The Washington BladeFriday, February 20, 1998
Where Credit Is Due
D.C. Corporation Counsel John Ferren's two recent actions in withdrawing offensive arguments from the government's brief in the Tyra Hunter case did not come out of the blue. Members of the Gay and Lesbian Activists Alliance laid the groundwork with Ferren at a meeting on December 1, 1997. During that meeting, we told Ferren about past assaults by the Office of the Corporation Counsel against the DC Human Rights Act. Ferren urged us to call him directly whenever such a concern arose.

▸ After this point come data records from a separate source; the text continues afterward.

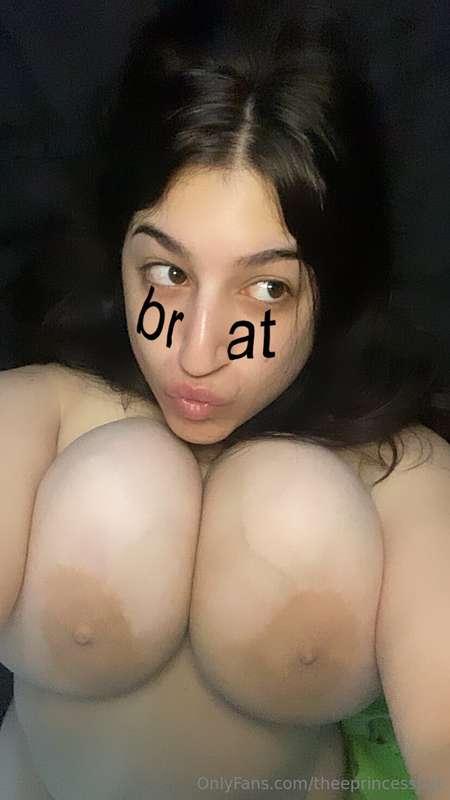 theeprincessnat image #0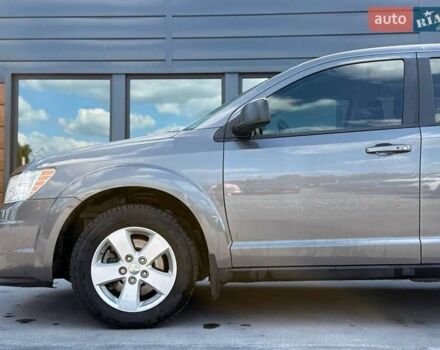 Серый Додж Джорни, объемом двигателя 2.36 л и пробегом 177 тыс. км за 9800 $, фото 5 на Automoto.ua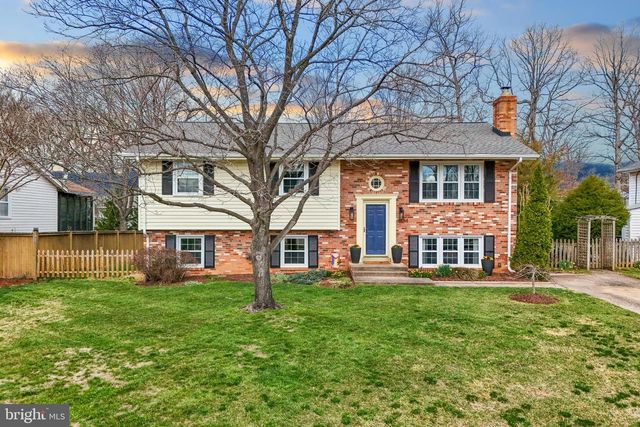 15014 TARLETON DR, Centreville, VA 20120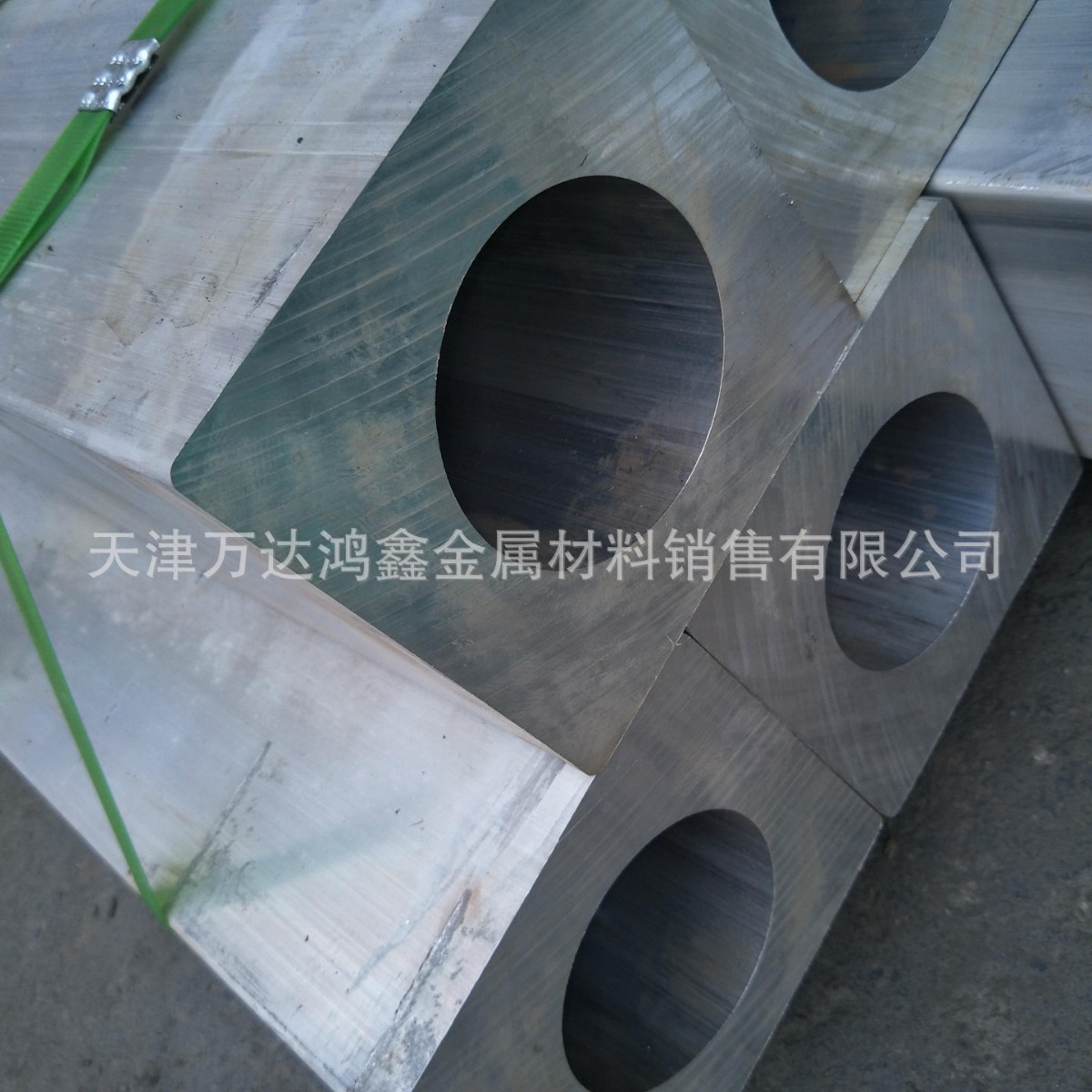 供应外方内圆铝合金型材，1寸穿线铝管，大口径厚壁铝管厂家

After reviewing the goverment's brief in the Hunter case which was filed at the end of December I telephoned Ferren in mid-January on behalf of GLAA to discuss our objections. Ferren (who has a staff of approximately 200) told me that he had not seen the brief before it was filed, and promised to review it personally. We had a follow-up discussion a week later. Ferren ultimately agreed with GLAA that the arguments involving the First Amendment and the D.C. Human Rights Act should not have been made, and should be withdrawn. His crucial intervention occurred only after GLAA brought the matter to his attention. Without my phone call there would have been no intervention by Ferren, and the arguments would only have been resolved in civil court.
While we still maintain that the District should settle the case and stop wasting taxpayer money defending the indefensible, Judge Ferren deserves credit for his responsiveness and integrity in reviewing the government's brief and taking the rare step to withdraw the arguments. And GLAA whose ongoing vigilance is an important safeguard for the civil liberties of gay folk in the District deserves credit for our timely efforts that bore fruit in this case.